▸ THE TASK
Write the data out again exactly and in full.
═══
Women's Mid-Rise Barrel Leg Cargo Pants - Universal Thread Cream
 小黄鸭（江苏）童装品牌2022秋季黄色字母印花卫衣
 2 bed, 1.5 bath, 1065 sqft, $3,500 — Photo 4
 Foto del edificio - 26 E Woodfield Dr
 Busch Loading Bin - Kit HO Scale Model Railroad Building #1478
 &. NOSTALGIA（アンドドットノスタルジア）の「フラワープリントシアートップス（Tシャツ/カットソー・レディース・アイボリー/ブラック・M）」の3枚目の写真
═══
▸ SOLUTION TO THIS PROBLEM
Women's Mid-Rise Barrel Leg Cargo Pants - Universal Thread Cream
 小黄鸭（江苏）童装品牌2022秋季黄色字母印花卫衣
 2 bed, 1.5 bath, 1065 sqft, $3,500 — Photo 4
 Foto del edificio - 26 E Woodfield Dr
 Busch Loading Bin - Kit HO Scale Model Railroad Building #1478
 &. NOSTALGIA（アンドドットノスタルジア）の「フラワープリントシアートップス（Tシャツ/カットソー・レディース・アイボリー/ブラック・M）」の3枚目の写真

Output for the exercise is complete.